Minister of Youth Development
- In office 2012–2013
- President: Goodluck Jonathan

Personal details
- Born: 12 January 1966 Sokoto, Northern Region, Nigeria (now Sokoto, Nigeria)
- Died: 6 July 2020 (aged 54) Sokoto, Nigeria
- Citizenship: Nigerian
- Children: 10
- Education: Usman Danfodiyo University Nigerian Law School
- Profession: Barrister and politician

= Inuwa Abdulkadir =

Nigerian politician (1966–2020)

Inuwa Abdulkadir (12 January 1966 – 6 July 2020) was a Nigerian lawyer and politician who was National vice-chairman (North West) of the All Progressives Congress (APC). He previously served as Federal Minister of Youth Development from 2012 to 2013, before falling out with President Goodluck Jonathan and supporting President Muhammadu Buhari in the 2015 presidential election.

He also served as Secretary of the Sokoto Sultanate Council before later becoming Secretary of the Arewa Consultative Forum – a political and cultural association of leaders in Northern Nigeria.

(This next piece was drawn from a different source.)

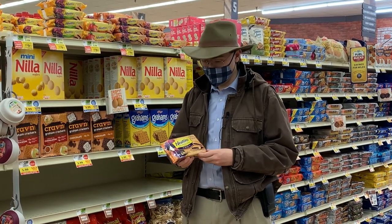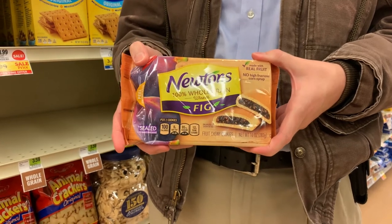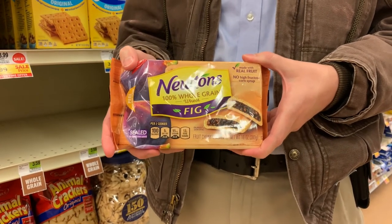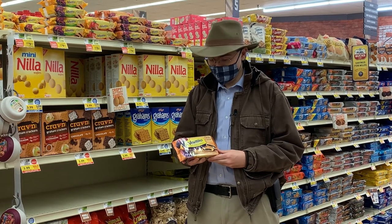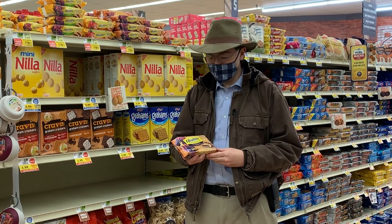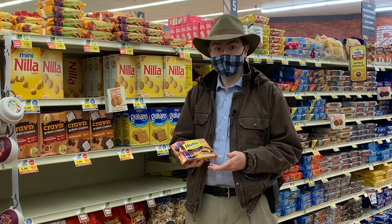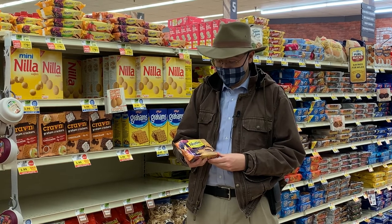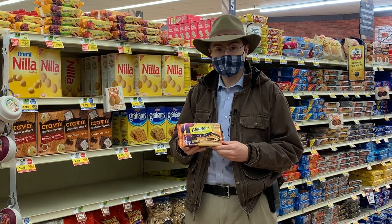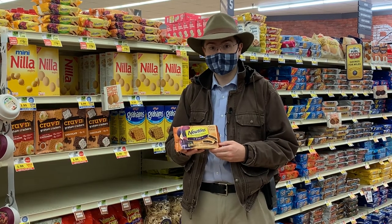I love Fig Newtons. Honestly, I can't remember a time that I didn't like Fig Newtons. They always seemed to lift my spirits every time I had one. But where do Fig Newtons come from? How are they made? Who invented them? How long have they been around? And can they really prevent digestion problems, heart disease, and cancer?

In 1996, Sultan Muhammadu Maccido gave him the traditional title of Magatakarda (Chief Scribe) of the Sokoto Caliphate.

== Biography ==
Inuwa Abdulkadir was born in Sokoto on 12 January 1966. He attended Ahmadu Bello Academy in Farufaru from 1977 to 1982, before proceeding to the Usman Danfodio University in Sokoto from 1982 to 1990, where he studied and received a bachelor's degree in law. In 1990, attended the Nigerian Law School and was subsequently called to the Nigerian Bar in 1991. He later attended the Nigerian Institute of Advanced Legal Studies in Lagos in 1995.

Inuwa later joined the civil service as a state counsel in the Sokoto State Ministry of Justice. In 1992, Inuwa was Secretary (Northern Operations) of spymaster Umaru Shinkafi's presidential campaign for the conservative National Republican Convention (NRC) ticket, which he lost to Bashir Tofa who later contested the annulled 12 June, 1993 presidential election. Inuwa later became Secretary of the Sokoto Sultanate Council. He also served as Attorney General/ Minister of Justice of Sokoto State and was also a Member of the Sokoto State Penal Law Review Panel, Sokoto State Arabic and Islamic Board, National Youth Service Corps (Sokoto State), and Secretary of the Robbery and Firearms Tribunal under successive military governments in the state.

In 1999, Inuwa was a counsel at the Oputa Panel where he defended the Arewa Consultative Forum against Afenifere. He later became the Assistant National Organizing Secretary of the All Nigeria Peoples Party (ANPP). In 2003, he was the vice presidential running mate of Orji Uzor Kalu of the Progressive Peoples Alliance during the 2003 election. He later became legal adviser and Company Secretary of Sokoto Newspaper Company Limited, before joining the then ruling Peoples Democratic Party.

== Politics ==
In 2012, Inuwa was appointed Federal Minister of Youth Development by President Goodluck Jonathan. In 2013, he was unceremoniously removed from office due to his relationship with Governor Aliyu Wammako who was amongst seven serving governors who formed the G-7 faction within the PDP (nPDP). In November 2013, Wammako alongside five nPDP governors defected to the new opposition party the All Progressives Congress (APC). Inuwa joined them and became a founding member of the All Progressives Congress (APC).

He was later appointed National vice-chairman (North West) of the All Progressives Congress (APC) and supported President Muhammadu Buhari. He later became Chairman of National Agency for Food and Drug Administration and Control (NAFDAC). In 2019, he was suspended for "anti-party activities" from the APC state chapter following his ally Governor Aminu Tambuwal's defection to the Peoples Democratic Party. After calling for Adams Oshiomhole's resignation in July 2019, he was removed as National vice-chairman.

== Personal life ==
On 6 July 2020, Inuwa died after succumbing to complications related to COVID-19 during the COVID-19 pandemic in Nigeria. He was married with two wives[Fatima Ahmed Tafida & Maryam Bello Inuwa] and had ten children (.